Meanwhile, I’ll be working on my Spanish. Next time I’m down there I want to be able to say, “I’d like four of your most expensive bottles of wine, please. One for me, and three to throw against that wall just because I can. Thank you.

Wednesday, November 08, 2006

I’ve now resorted to working for free for anyone who will take me.

I suppose it’s the natural progression of things. Or regression. Four months into this whole job search operation and I have actually regressed. Or perhaps I have simply come to realize how little sway I have amongst people who don’t give a good goddamn about me one way or the other. The idea behind this whole “work for free” thing is to get in the door, work cleaning out the trashcans and collating the tax returns for Company X for a while, and then walk into the boss’s office a few months later, doff my cap, hold it in both hands in front of my chest, and with a sheepish look in my eye, I ask:

“Please Mister Boss! Can I have some money now?”

at which point I am totally and completely at their mercy, banking on the all too unlikely hope that he or she has a shred of decency within them and will go, “Ok you rascal, you’ve been a good trashcan cleaner-outer, why don’t we give you a few bucks an hour to keep up the good shit-cleanin’ work?”

To which I will go, “Thank you sir, I won’t let you down, really I won’t!” And then I go skipping down the office like a slaphappy idiot.

See, this, however, is the type of thinking that got me here in the first place, and it is wrong. The type of person who thinks that this will happen is the same type of poor soul who actually thinks that you can get considered for a job if you send in a resume, cover letter, and a few recommendation letters. This is the type of person who thinks that, while the working world may not owe them a lot, it does at least owe them the decency of giving their resume a fair shake.

This type of person, dear reader, is a jackass.

Because not only does the working world not owe you anything, if it can, the working world will in fact try to take things from you while you aren’t looking. Things like your self-respect and your faith in modern humanity. And you don’t even work for them yet! What you don’t realize is that the corporate world hates you without even knowing you yet.

You actually think you deserve to have potential employers give you a fair shake? HA! The working world scoffs at you and your naiveté. “Fuck that!” says The World. “I don’t even know you! Who are you? Can you make me millions of dollars like these other stiffs can? How are you going to get me more flashy cars and mounds of cocaine? You’re just a punk ass bitch! That’s what you are! You disgust me!”

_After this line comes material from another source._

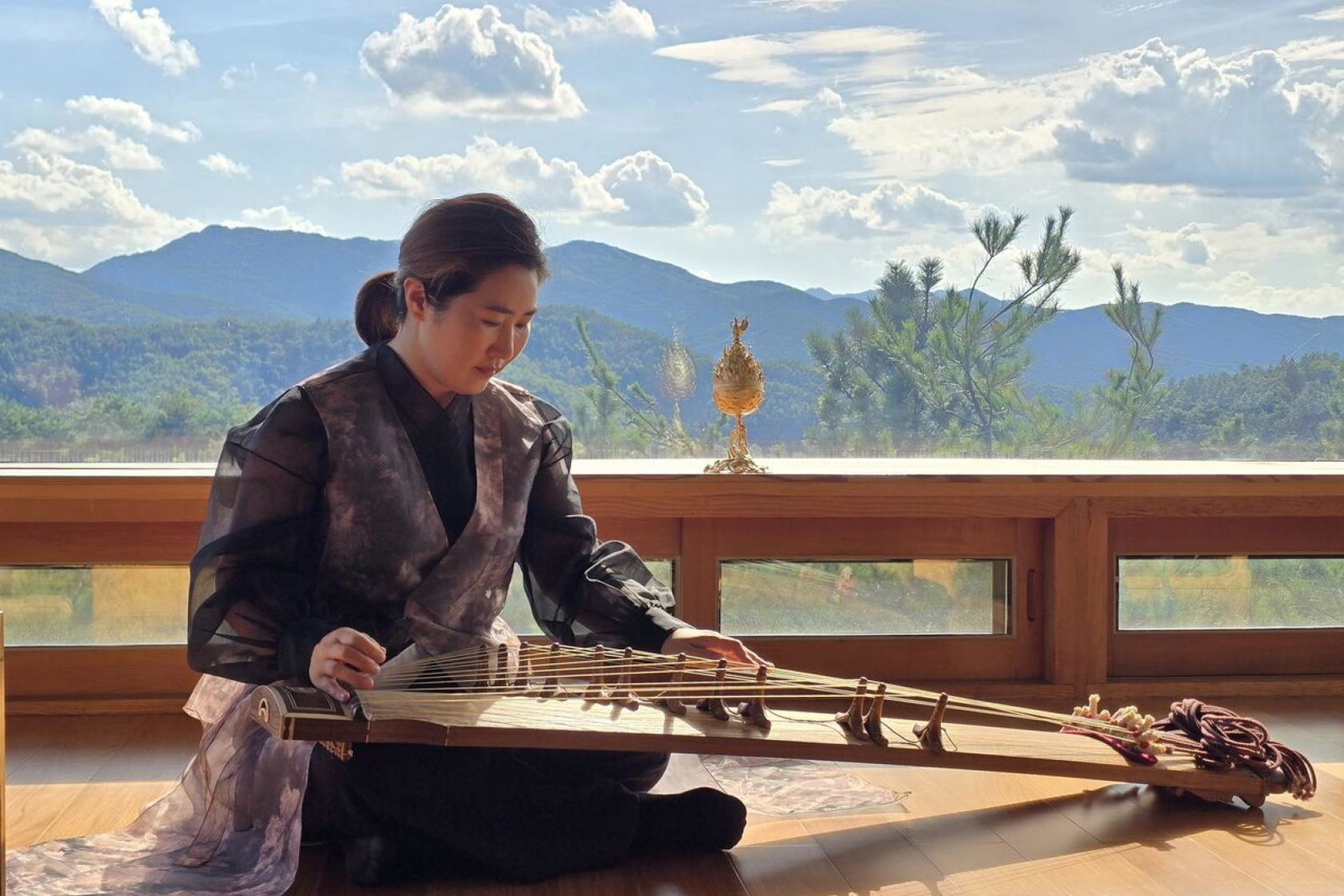 A lady plays a gayageum – a traditional Korean stringed instrument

The working world also wears designer clothes, silk suspenders, and thousand-dollar loafers without socks. Come to think of it, the working world looks a lot like Gordon Gekko.

Now that you know who you’re dealing with, let’s re-examine how the whole “working for free” scenario will really pan out.

So here you are, trashcan cleaner for free extraordinaire (also known as an internship), and after a few months you go into your boss’s office to pop the question:

“Please Mister Boss! Can I have some money now?”

The boss turns around in his leather lounger and puts his sockless feet up on his mahogany desk.

“Who are you again?” he asks.

“Well sir, my name is Brad, I’ve been an intern here for a while now, I was hoping…”

“…What, that I’d pay you?”

“Well, something like that sir.”

“Don’t make me laugh Biff.”

“It’s Brad, sir.”

“Listen Biff, what would you do if I don’t pay you?”

“Well, I might just leave!” I say.



“Leave!” he says, “No loss for me. It’s not like I’m paying you.”

“B, b, b, but I was hoping to move up to a paid position here!”

“Alright Biff, fine. What if I told you that if you keep working here for free, I might consider paying you in a few more months? Would that make you happy?”

“I suppose so sir, I’ll just have to work harder!”

“You sure will. For free. Now clean my trashcan.”

“Yes sir!”

And there you have it. That’s what would happen. The funniest part is, to date I have offered to work for free for two different businesses. Their responses?

"No thank you."


Thursday, October 12, 2006

People that still have John Kerry stickers on the back of their cars really bother me. Now bear with me here, this isn’t some political rant, it’s just common sense. Let me outline for you why it is that if you have a Kerry sticker on the back of your car, every single sane-thinking person on the road will immediately dislike you.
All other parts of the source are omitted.